Cancer Research, vol. 60: 2504-2511, 2000
A Critical Step in Metastasis: In vivo Analysis of Intravasation at the Primary Tumor
Jeffrey B. Wyckoff*, Joan G. Jones#, John C. Condeelis*, and Jeffrey E. Segall*†
Departments of *Anatomy and Structural Biology and #Pathology
Detailed evaluation of all steps in tumor cell metastasis is critical for evaluating the cell mechanisms controlling metastasis. Using GFP transfectants of metastatic (MTLn3) and nonmetastatic (MTC) cell lines derived from the rat mammary adenocarcinoma 13762 NF, we have measured tumor cell density in the blood, individual tumor cells in the lungs, and lung metastases. Correlation of blood burden with lung metastases indicates that entry into the circulation is a critical step for metastasis. To examine cell behavior during intravasation, we have used GFP technology to view these cells in time lapse images within a single optical section using a confocal microscope. In vivo imaging of the primary tumors of MTLn3 and MTC cells indicates that both metastatic and nonmetastatic cells are motile and show protrusive activity. However, metastatic cells show greater orientation towards blood vessels, and larger numbers of host cells within the primary tumor while nonmetastatic cells fragment when interacting with vessels. These results demonstrate that a major difference in intravasation between metastatic and nonmetastatic cells is detected in the primary tumor and illustrate the value of a direct visualization of cell properties in vivo for dissection of the metastatic process.

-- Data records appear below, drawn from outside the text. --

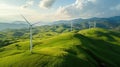 Wind farm with turbines on top of hill aerial view on a sunny day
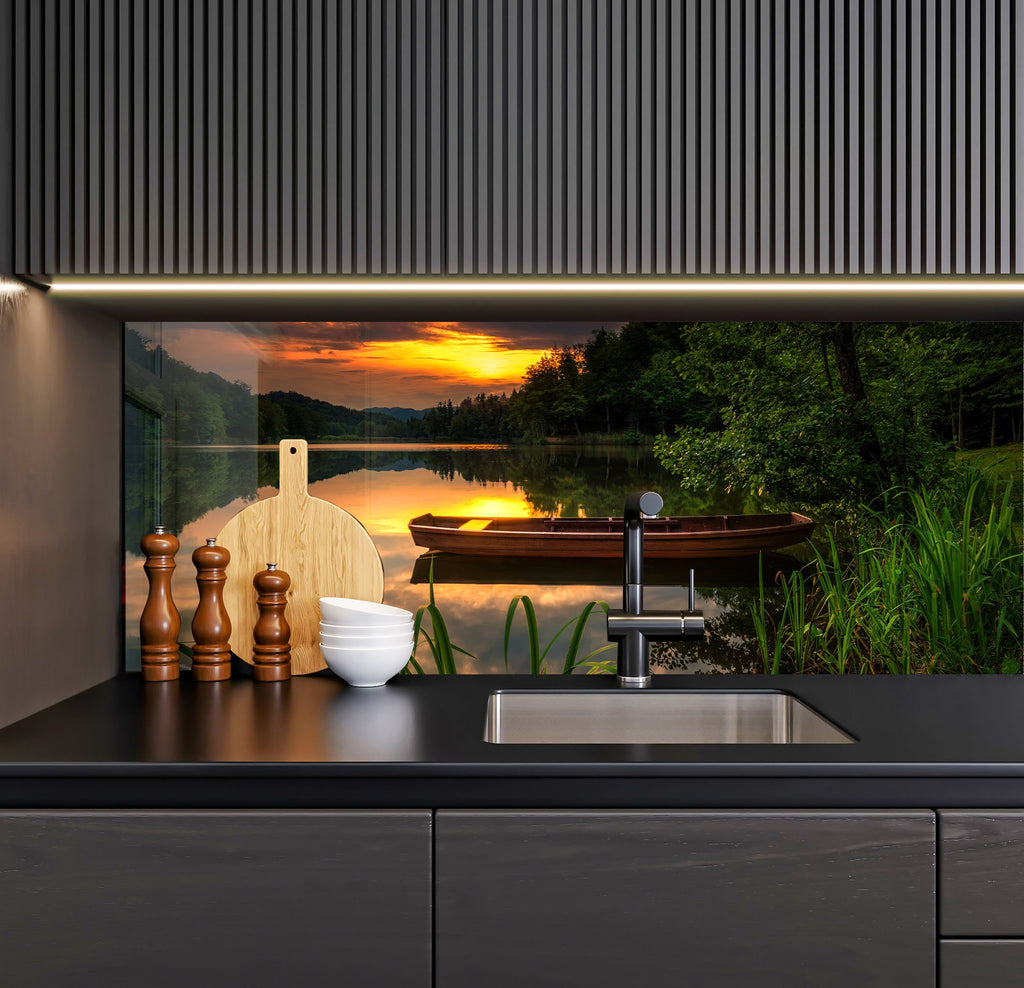 a kitchen with a sink and a painting on the wall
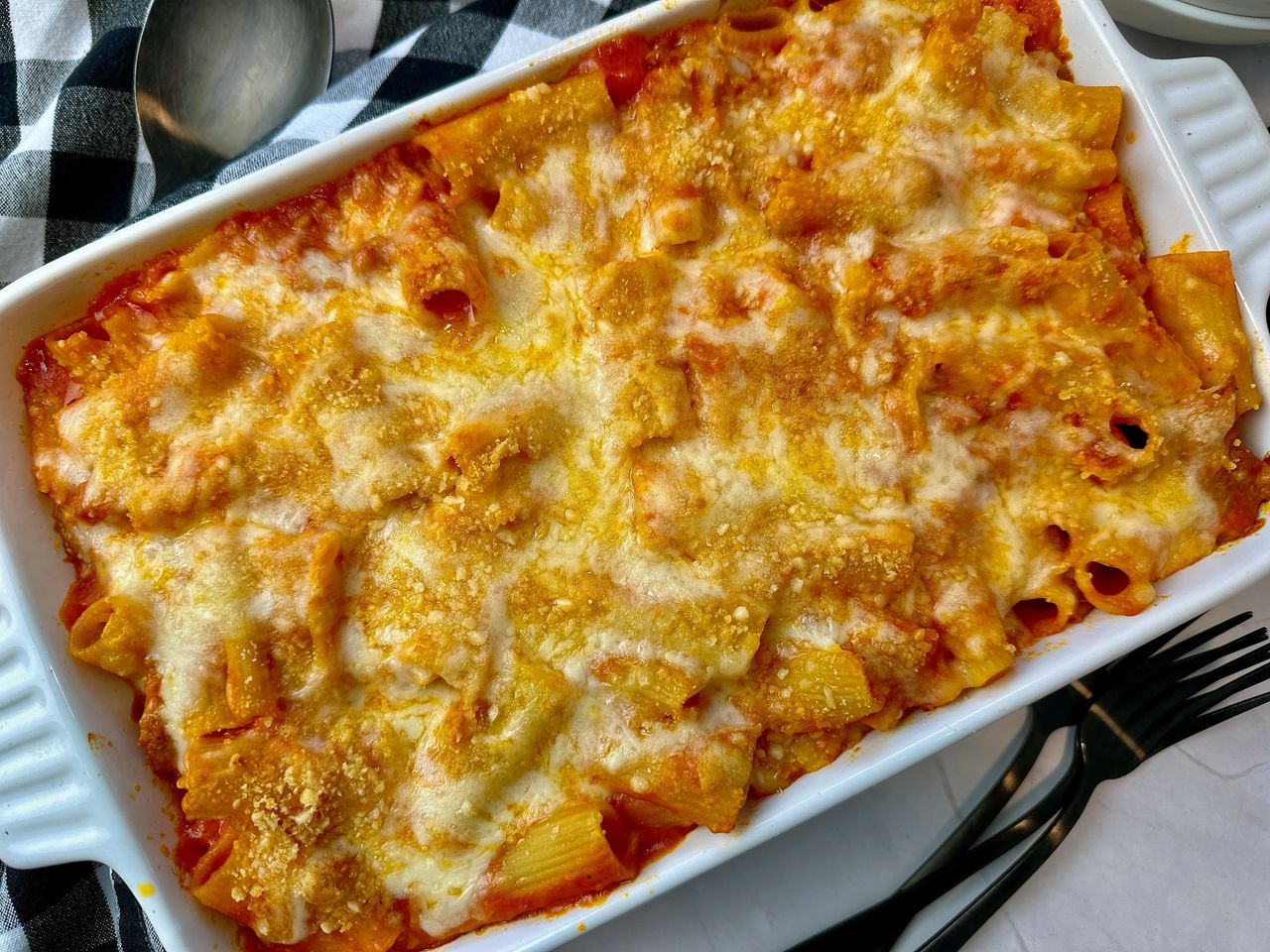 pasta and sausage in a casserole dish and white bowl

Figure 1:MTLn3-GFP cells orient towards blood vessels, while MTC-GFP cells do not. Orientation of MTLn3-GFP cells (A) and MTC-GFP cells (B) to blood vessels in the primary tumor. A) MTLn3-GFP cells (green) near the vessel (red) are seen to orient themselves toward the vessel in an elongated fashion (arrows) as opposed to those away from the vessel (arrowheads). B) MTC-GFP cells (green) randomly associate with the vessel (red), and remain elongated and oriented to each other away from the vessel. Scale bar = 25um.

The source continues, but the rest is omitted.